一年中、三晩と空けず、私たち五人はサータナム・ストリートの片隅にひっそりと建つ「ザ・ダウンワード」のテーブルに集まったものだった。
手引き屋、始末屋、店の主人、なまえ、そして情報屋の私。
時には更にまだ誰かいることもあったが、とにかく雨が降ろうが榴弾が降ろうが、我々五人それぞれ決まった肘掛け椅子に陣取っていた。

なまえは元は美しかっただろう面影をそこかしこに残した、飲んだくれの東洋人だったが、明らかに学はある女で、この街でぶらぶらと暮らしているところを見ると、収入も一応あるらしかった。
何年も前、まだイタリア人共が根を張るより前にロアナプラにやって来て、長年住んでいるというだけの理由でいまでは街の一員としてそこそこ名が通っていた。

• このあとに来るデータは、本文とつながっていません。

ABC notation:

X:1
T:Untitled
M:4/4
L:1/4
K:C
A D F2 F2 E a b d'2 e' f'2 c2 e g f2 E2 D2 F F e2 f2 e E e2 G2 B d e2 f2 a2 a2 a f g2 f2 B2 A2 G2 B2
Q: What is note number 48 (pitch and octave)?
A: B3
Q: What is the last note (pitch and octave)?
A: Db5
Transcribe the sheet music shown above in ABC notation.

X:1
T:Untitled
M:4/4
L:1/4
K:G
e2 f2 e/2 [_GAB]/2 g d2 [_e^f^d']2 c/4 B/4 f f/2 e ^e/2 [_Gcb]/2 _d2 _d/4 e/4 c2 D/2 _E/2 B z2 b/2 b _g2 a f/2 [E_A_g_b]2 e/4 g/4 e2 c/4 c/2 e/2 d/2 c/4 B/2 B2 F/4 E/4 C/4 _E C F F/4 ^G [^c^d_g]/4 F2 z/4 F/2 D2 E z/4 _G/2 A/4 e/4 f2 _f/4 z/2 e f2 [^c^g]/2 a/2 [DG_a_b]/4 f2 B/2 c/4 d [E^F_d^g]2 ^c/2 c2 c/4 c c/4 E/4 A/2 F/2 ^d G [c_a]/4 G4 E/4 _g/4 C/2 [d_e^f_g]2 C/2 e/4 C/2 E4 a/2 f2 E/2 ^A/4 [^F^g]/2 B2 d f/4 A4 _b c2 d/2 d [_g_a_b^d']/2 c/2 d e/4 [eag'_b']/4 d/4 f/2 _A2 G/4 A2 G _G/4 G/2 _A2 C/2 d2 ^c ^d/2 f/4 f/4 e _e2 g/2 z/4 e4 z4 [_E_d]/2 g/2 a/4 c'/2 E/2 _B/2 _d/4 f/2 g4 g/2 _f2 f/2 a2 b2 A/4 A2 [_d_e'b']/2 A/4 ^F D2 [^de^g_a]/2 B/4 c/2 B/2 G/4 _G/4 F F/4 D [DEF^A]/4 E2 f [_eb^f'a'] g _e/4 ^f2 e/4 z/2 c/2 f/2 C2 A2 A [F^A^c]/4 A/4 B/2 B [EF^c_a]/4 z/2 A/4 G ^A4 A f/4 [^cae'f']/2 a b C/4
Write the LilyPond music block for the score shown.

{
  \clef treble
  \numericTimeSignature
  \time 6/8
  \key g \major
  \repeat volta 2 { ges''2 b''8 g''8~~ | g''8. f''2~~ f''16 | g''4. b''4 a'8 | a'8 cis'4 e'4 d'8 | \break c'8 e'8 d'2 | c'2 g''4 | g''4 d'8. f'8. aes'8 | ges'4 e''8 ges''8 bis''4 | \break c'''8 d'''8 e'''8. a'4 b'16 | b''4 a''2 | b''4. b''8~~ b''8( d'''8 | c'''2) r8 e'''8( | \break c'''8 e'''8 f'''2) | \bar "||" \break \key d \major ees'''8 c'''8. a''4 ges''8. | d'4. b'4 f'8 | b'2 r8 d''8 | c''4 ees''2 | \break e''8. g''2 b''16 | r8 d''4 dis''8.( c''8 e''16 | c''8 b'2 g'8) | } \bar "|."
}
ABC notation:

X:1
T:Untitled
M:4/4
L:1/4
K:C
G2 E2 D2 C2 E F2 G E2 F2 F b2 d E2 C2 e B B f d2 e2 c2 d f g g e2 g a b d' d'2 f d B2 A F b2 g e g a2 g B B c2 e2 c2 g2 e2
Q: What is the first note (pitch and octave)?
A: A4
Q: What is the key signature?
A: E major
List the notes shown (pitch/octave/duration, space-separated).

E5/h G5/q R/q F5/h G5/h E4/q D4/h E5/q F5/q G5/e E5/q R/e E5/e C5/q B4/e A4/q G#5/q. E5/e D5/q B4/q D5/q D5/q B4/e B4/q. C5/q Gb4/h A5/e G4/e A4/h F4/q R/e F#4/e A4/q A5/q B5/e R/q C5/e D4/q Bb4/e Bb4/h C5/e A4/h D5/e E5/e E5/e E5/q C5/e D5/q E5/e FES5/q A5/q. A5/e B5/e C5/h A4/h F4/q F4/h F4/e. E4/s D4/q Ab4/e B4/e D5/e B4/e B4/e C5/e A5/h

年中着ている黒いラフなホルターネックのサロペットは、白い肩と背をあられもないほど露出しており、教会の尖塔と同じく街の名物と化し、彼女がザ・ダウンワードの常連であること、教会の尼とは飲み友達であること、いずれもロアナプラにあっては当然の事実として受け入れられていた。
飲むのはスコッチで、一晩決まって五杯。
夜毎ザ・ダウンワードの過ごす時間の大半、右手にグラスを持って座り、憂いを帯びた酩酊状態に浸っていた。
屋号こそ掲げてはいなかったものの、医学には詳しいという噂で、いざとなると折れた骨を整骨したり銃弾の摘出手術を担ったりと、外科的な実績もあるという話で、皆からは冗談まじりに「ドクター」と呼ばれることもあった。
が、こうした若干の詳細を除けば、彼女の人品や素性について我々は何も知らなかった――この街に蔓延はびこる大勢の悪人共と同じように。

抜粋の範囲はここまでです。